If you are brand new to poker tournament reporting, the above sentence might look like chicken scratch. But we're here to help! Every day, we'll post a new RIUpedia article including some handy definitions to give you a glossary of terms to help you with the jargon and abbreviations you will see throughout the week in our written coverage.
"NLH," is a common abbreviation for "No Limit Texas Hold 'Em, so when you see those three letters you can expect the game we all know and love as the Cadillac of Poker. Sometimes shortened as "NLHE" in other publications, the key portion is the No Limit part at the front. Some tournament series feature Limit Hold 'Em events, shortened as "LHE," though there is not a Limit-only event here at RIU.
"PLO" stands for Pot-Limit Omaha, which has recently surged in popularity among poker pros and casual fans alike. Today's PLO event is one of only two events with PLO in the title, though several of the mixed game events also feature the format. Omaha is a game similar to Texas Hold 'Em, though players are dealt four hole cards each instead of two and must use exactly two of them for their final hand. And whereas No Limit games have, unsurprisingly, no limit to how much a player can bet, games that have a "pot limit" have a cap of the total amount of money currently in the pot as the maximum bet size.
Games that are denoted as having a "Max" means that there will only ever be that number as a maximum number of players at the table. Whereas your local cash game or tournament might feature 9 or 10 players, today's PLO 6-Max will feature only a half dozen players at a table at any one time.
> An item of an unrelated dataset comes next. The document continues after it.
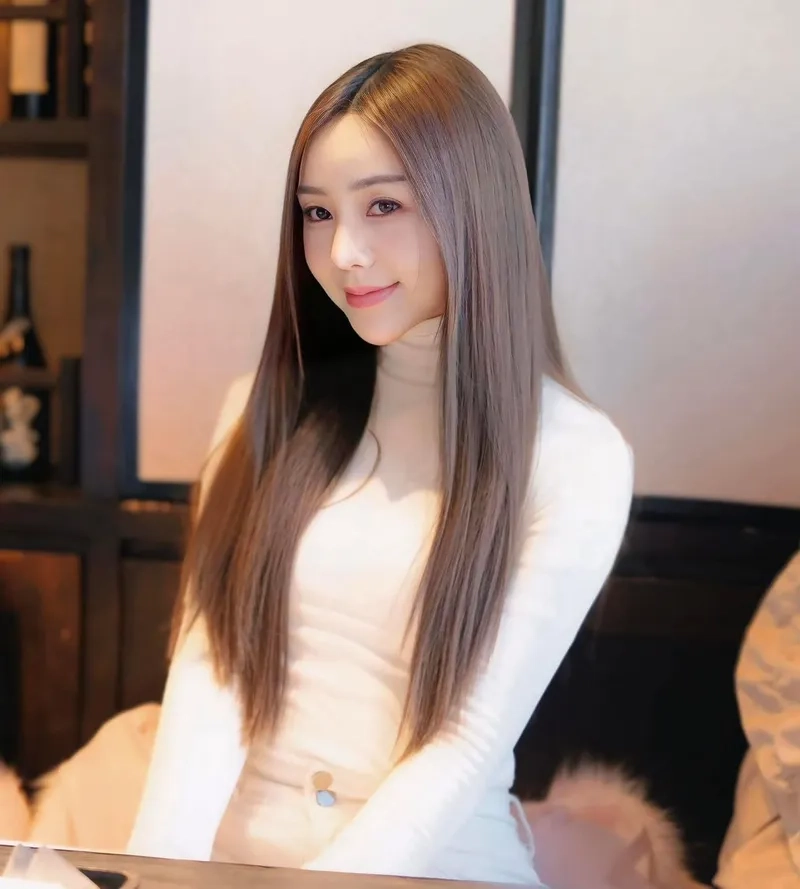 Góc cận nhan sắc đỉnh cao của Quỳnh Kool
This means that players will have to adjust their games to the short-handed format, but on the plus side they'll have more room to stretch their legs!
The term "dangler" is a term you might overhear at your PLO table to refer to a card that is bad or irrelevant in the context of a given hand. For example, if you were dealt [AcKcAs7h], the seven there really isn't helping things too much compared to your other three hole cards. Therefor, one might say it's just barely holding on, or dangling.
Hold the Baby
Viewers of Jason Somerville's stream will be familiar with "Hold the Baby." Typically, this is a term used to refer to an all-in situation in which one player is favored but the underdog hand has a reasonable chance of coming from behind to win. In this case, the player who is ahead wants to "hold the baby," or stay ahead and end up winning.
Hopefully this small glossary of terms will aid in your RIU reporting experience! We'll be back with more terms tomorrow, so until then: hold the baby!